* [Required action]: All pictures are to be omitted while the lines starting at the line with "Универсал Ford Focus 2000 в Почаеве фото" and ending at the line with "Photo of property" in the material below are retyped exactly, both ends included.
** Data follows **
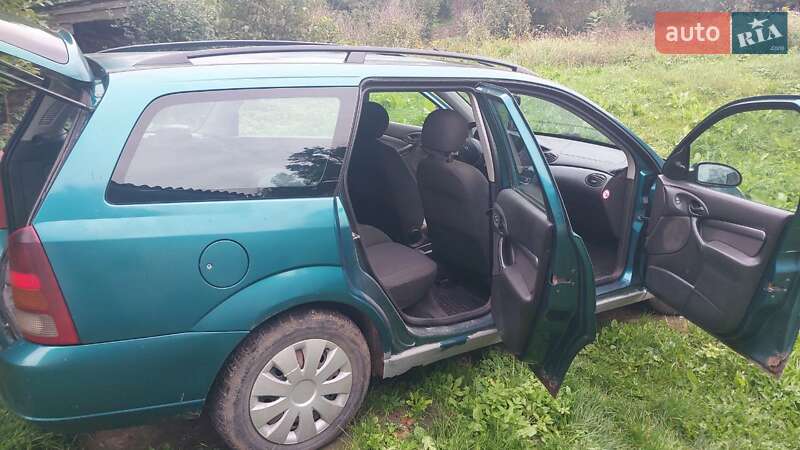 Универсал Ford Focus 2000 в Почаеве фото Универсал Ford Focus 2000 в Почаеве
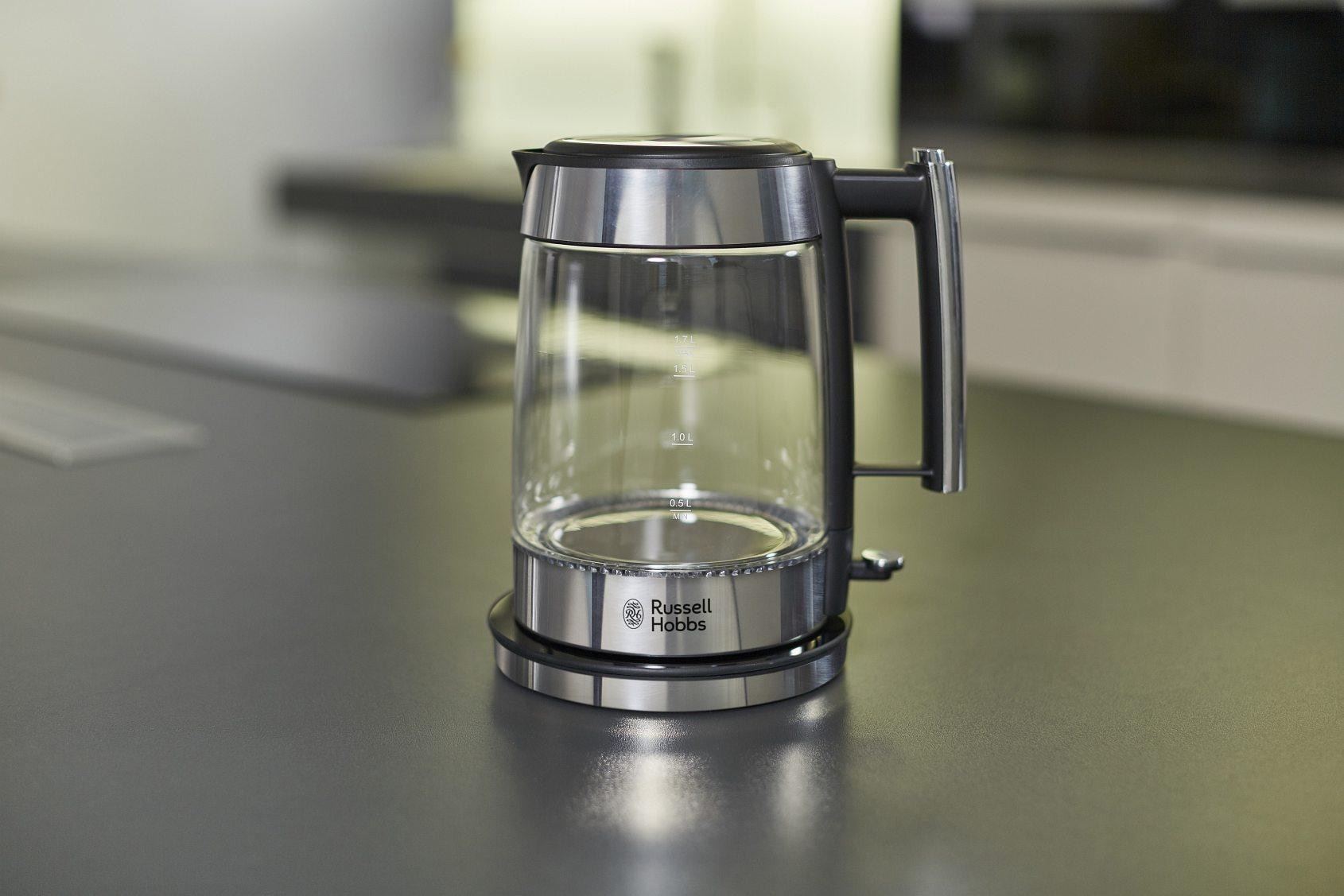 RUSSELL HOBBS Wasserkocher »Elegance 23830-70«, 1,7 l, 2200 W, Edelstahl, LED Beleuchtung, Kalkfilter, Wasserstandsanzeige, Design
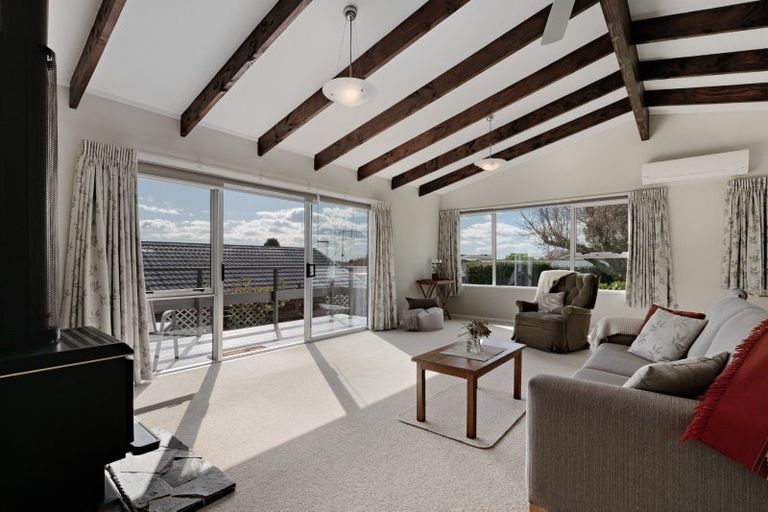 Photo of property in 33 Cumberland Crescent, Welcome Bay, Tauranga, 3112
** End of Data **
** Data follows **
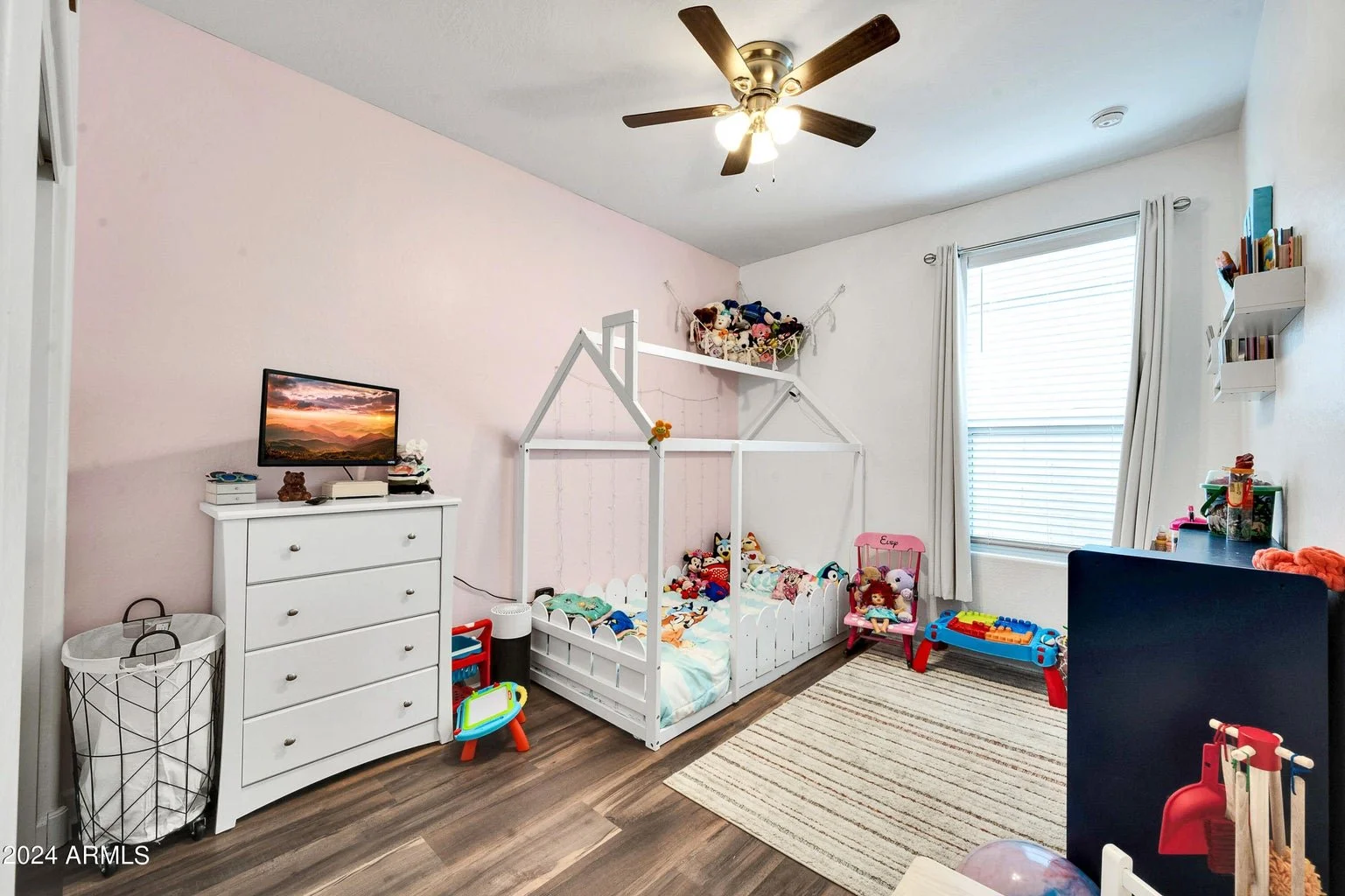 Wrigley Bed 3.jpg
** End of Data **
* [Reply to the exercise]:
 Универсал Ford Focus 2000 в Почаеве фото Универсал Ford Focus 2000 в Почаеве
 RUSSELL HOBBS Wasserkocher »Elegance 23830-70«, 1,7 l, 2200 W, Edelstahl, LED Beleuchtung, Kalkfilter, Wasserstandsanzeige, Design
 Photo of property in 33 Cumberland Crescent, Welcome Bay, Tauranga, 3112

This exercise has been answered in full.